**EXERCISE**.
Leave out all pictures. Extract exactly the lines from the one containing "Mega-Sena acumula e" through the end of the data.

(INPUT MATERIAL)

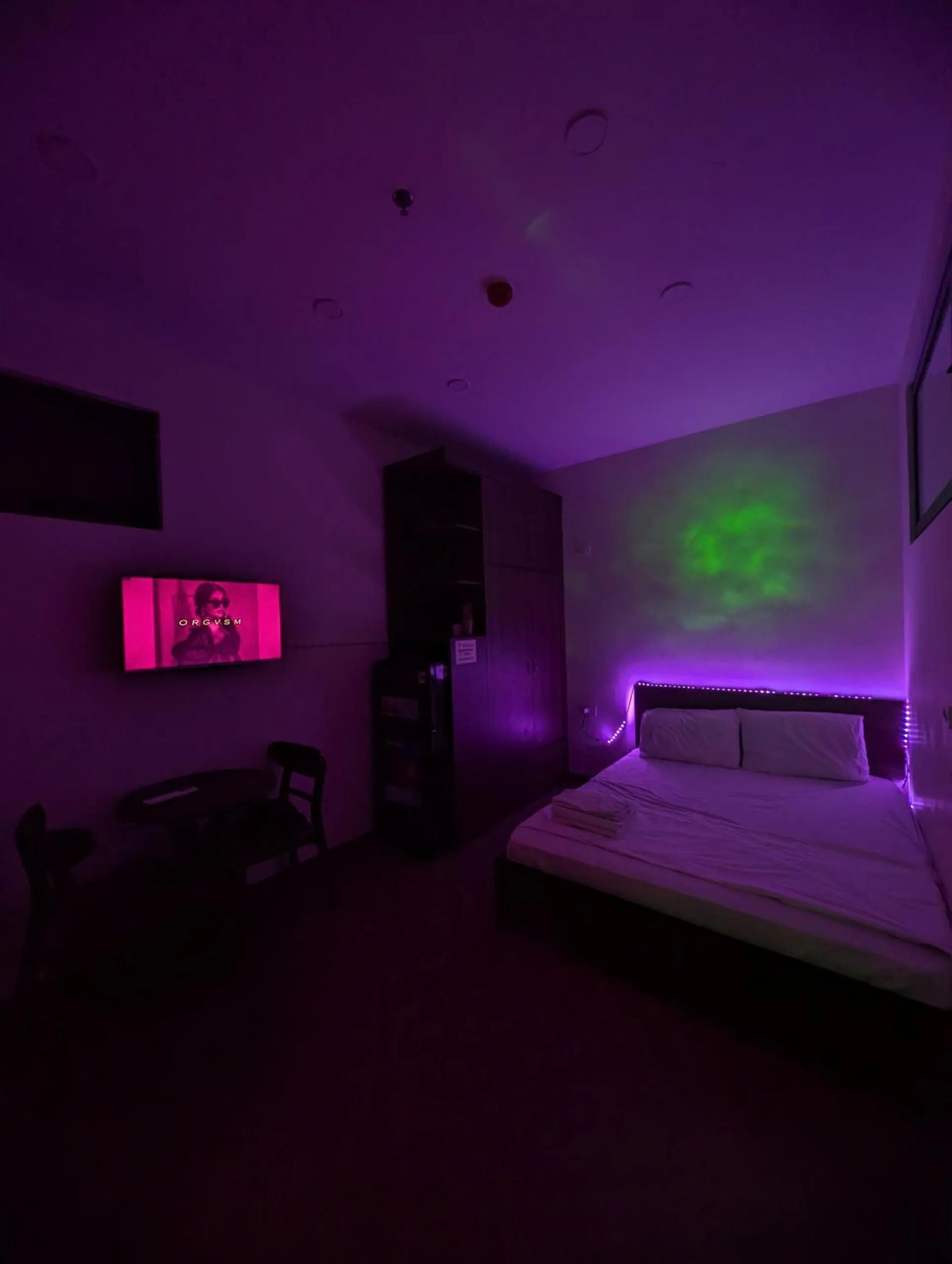 Bed in Era Apartment 158 Nguyen Khanh Toan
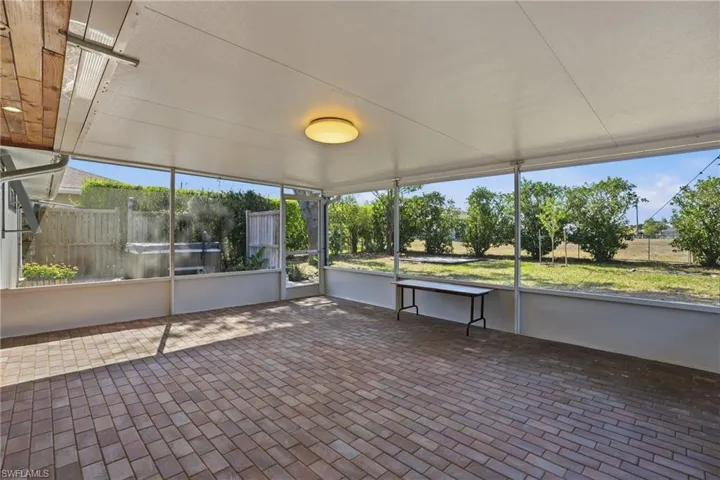 2306 Ne 24th Ave, Cape Coral, Florida 33909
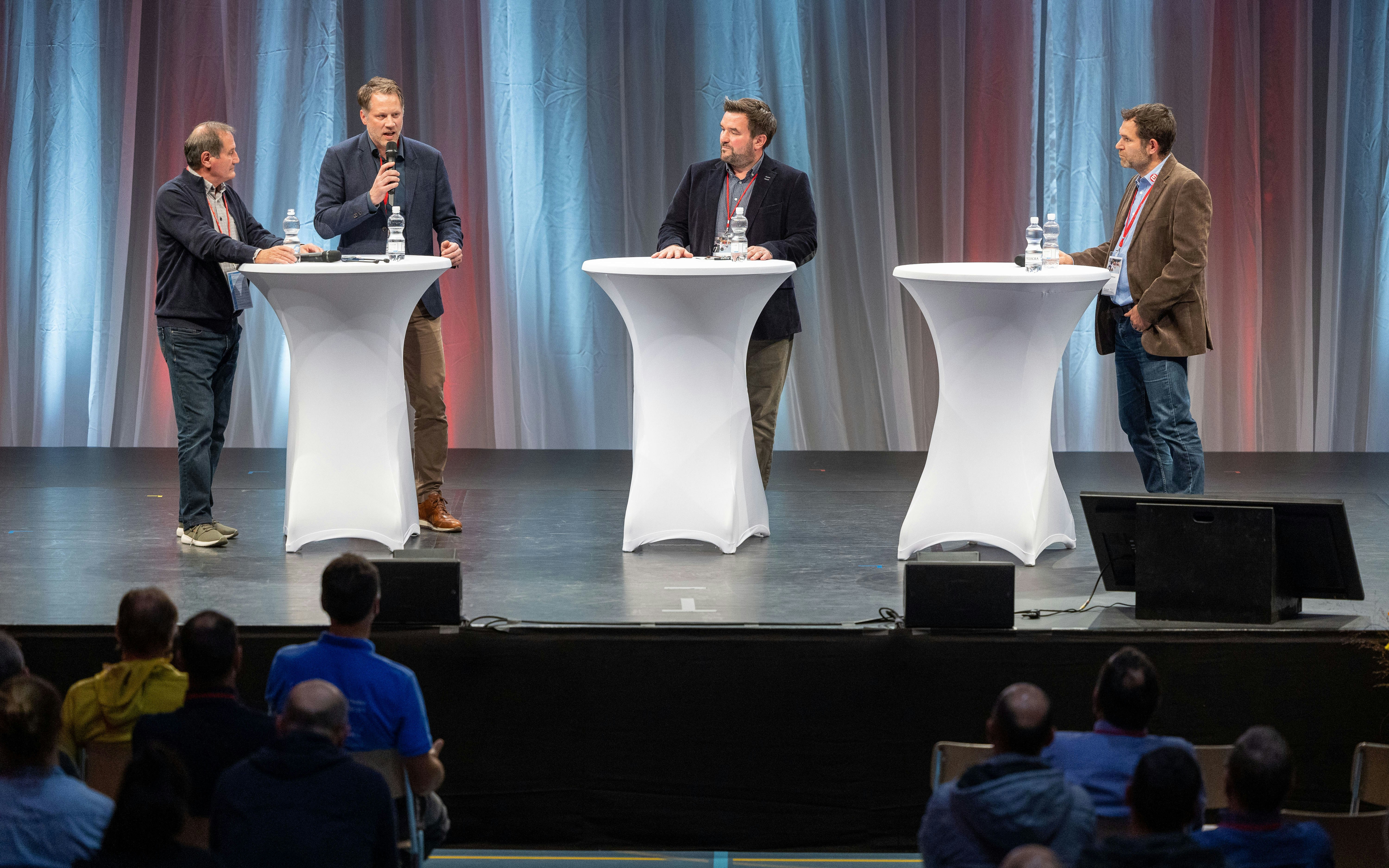 Podiumsdiskussion mit (von links) Lehrperson Roland Müller, stv. Rektor der Berufsschule Aarau Patrick Bläuenstein, Moderator Christoph Conz und Ueli Niederberger, Leiter Ausbildung bei der Marti AG Zürich.Foto: BASPO / Ueli Känzig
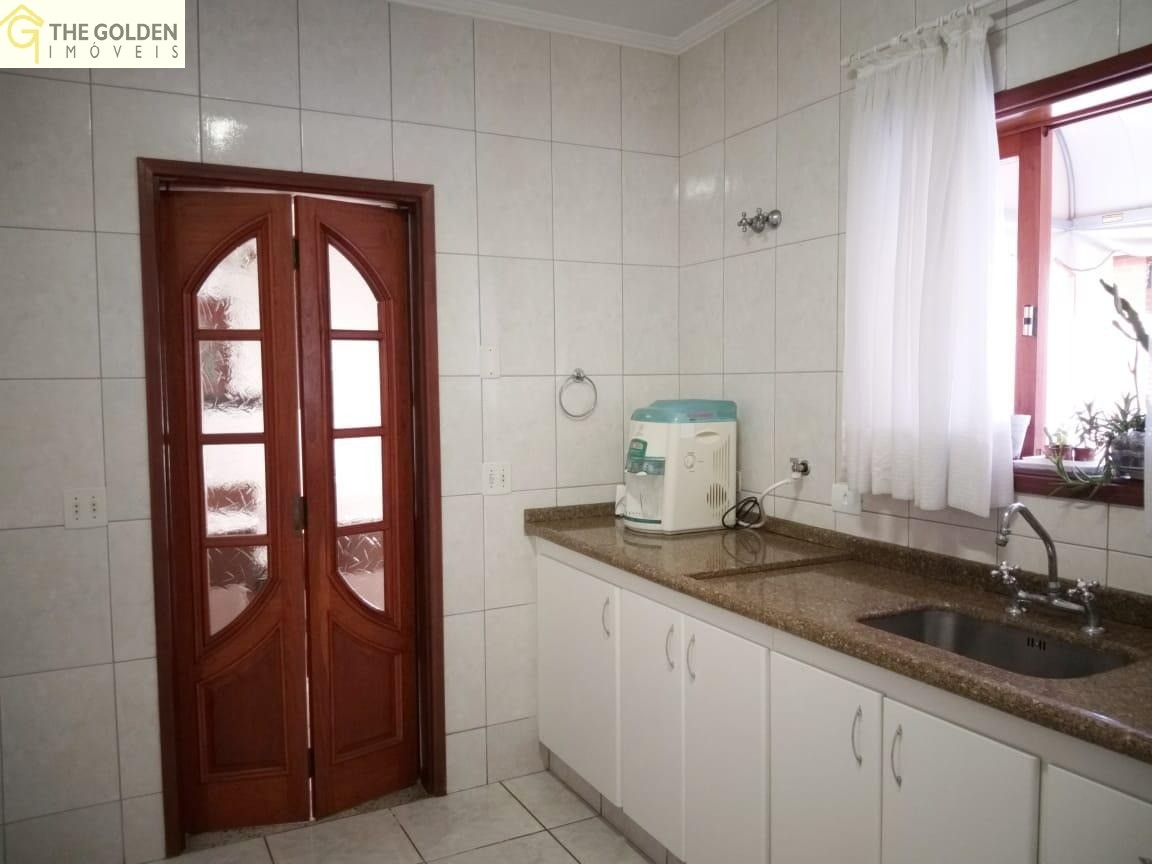 Casa de Condomínio à venda com 3 quartos, 211m² - Foto 11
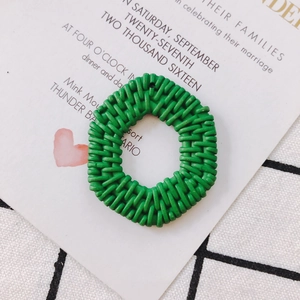 Dettaglio macro di anello geometrico intrecciato in acrilico verde per gioielli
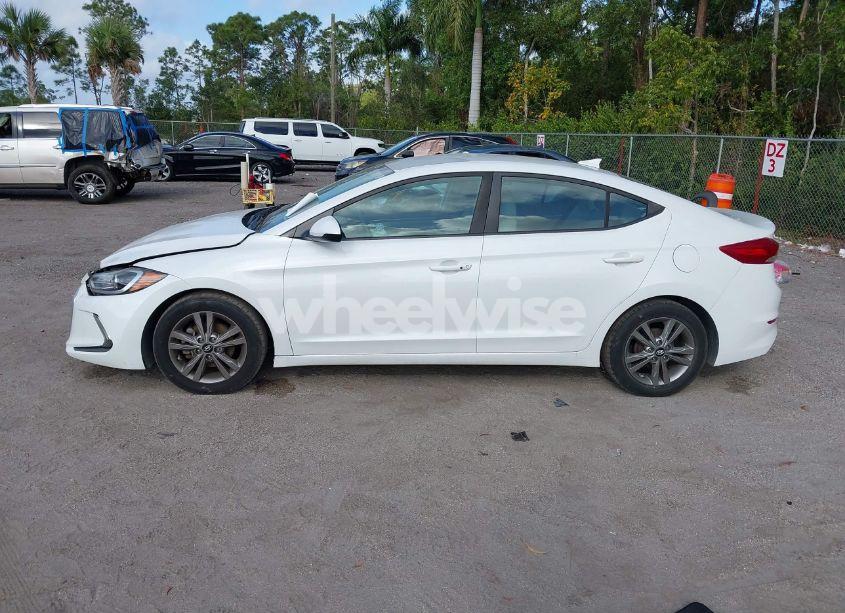 Photo 14 of 2017 Hyundai Elantra SE (VIN 5NPD84LFXHH076728)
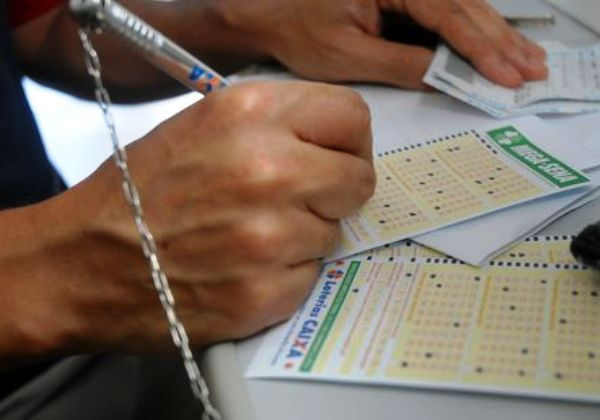 Mega-Sena acumula e pode pagar R$ 38 milhões neste sábado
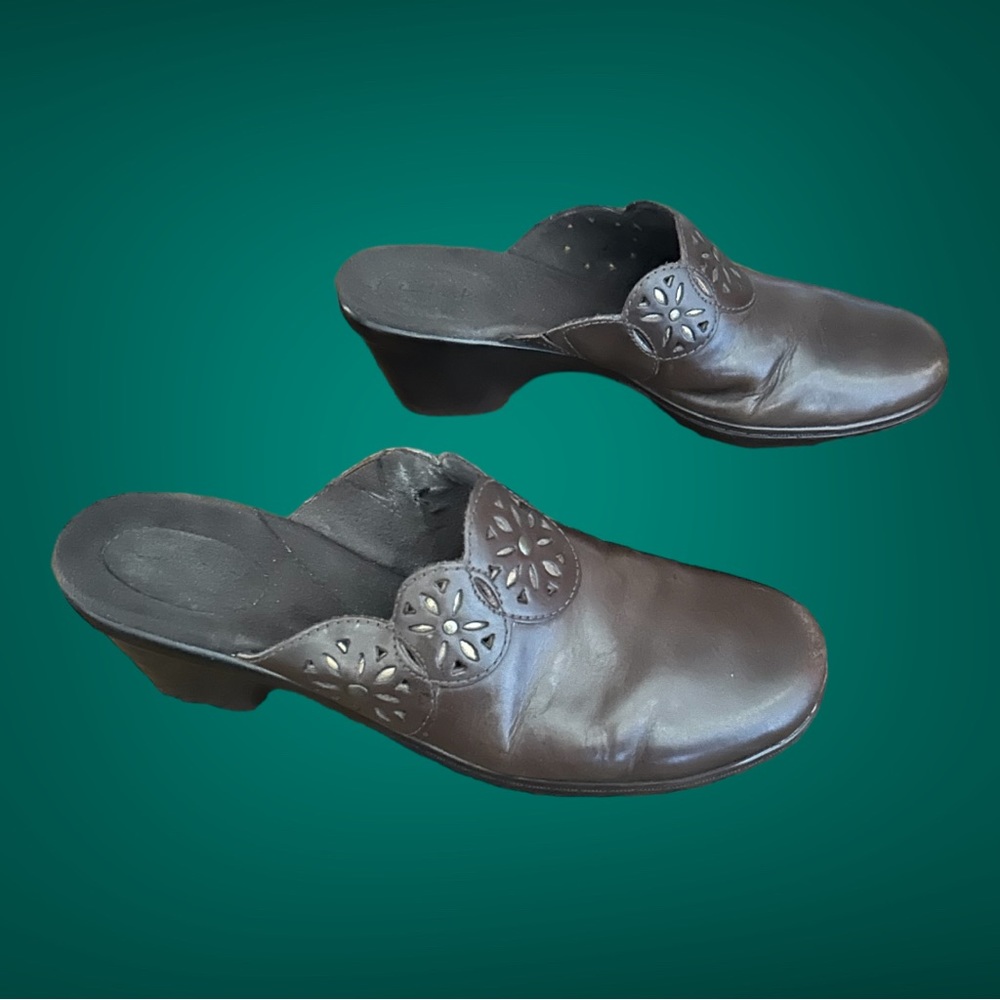Clarks‎ Brown Leather Bendables Clogs / Mules Women's Size 9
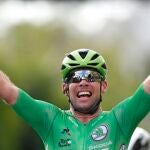 El británico Mark Cavendish celebra su victoria en la sexta etapa del Tour de Francia 2021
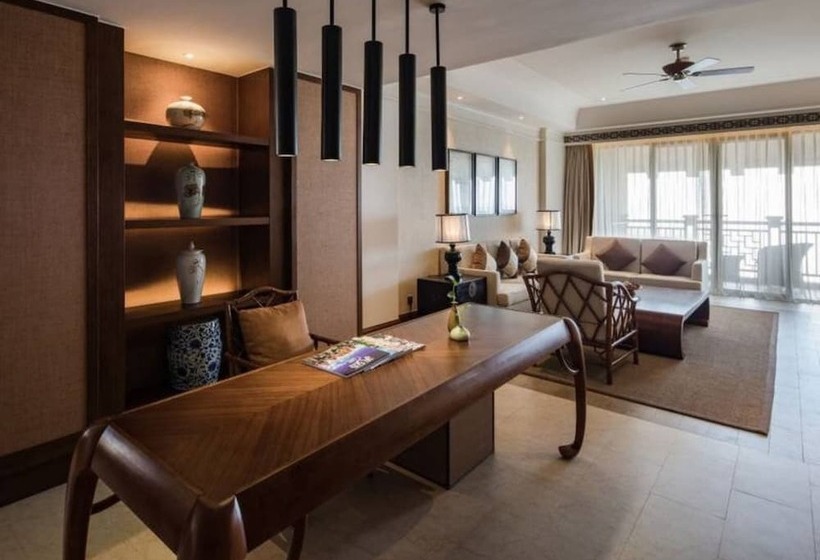 فندق Hainan Qizi Bay New Century Resort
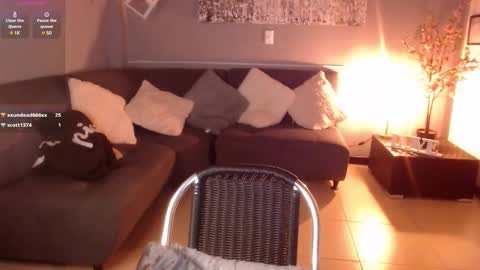 Snapshot of mia_collens_ chatting on January 10, 5:15 am MIA online show from January 10, 5:15 am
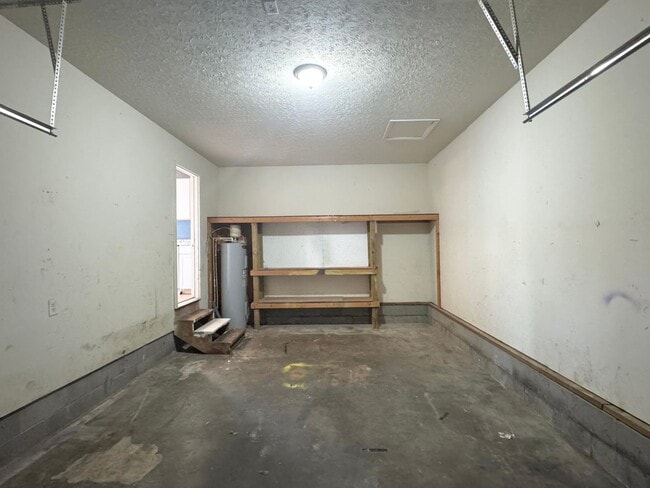 Building Photo - 726 Shetland Dr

(End INPUT MATERIAL)

**YOUR SOLUTION**.
 Mega-Sena acumula e pode pagar R$ 38 milhões neste sábado
Clarks‎ Brown Leather Bendables Clogs / Mules Women's Size 9
 El británico Mark Cavendish celebra su victoria en la sexta etapa del Tour de Francia 2021
 فندق Hainan Qizi Bay New Century Resort
 Snapshot of mia_collens_ chatting on January 10, 5:15 am MIA online show from January 10, 5:15 am
 Building Photo - 726 Shetland Dr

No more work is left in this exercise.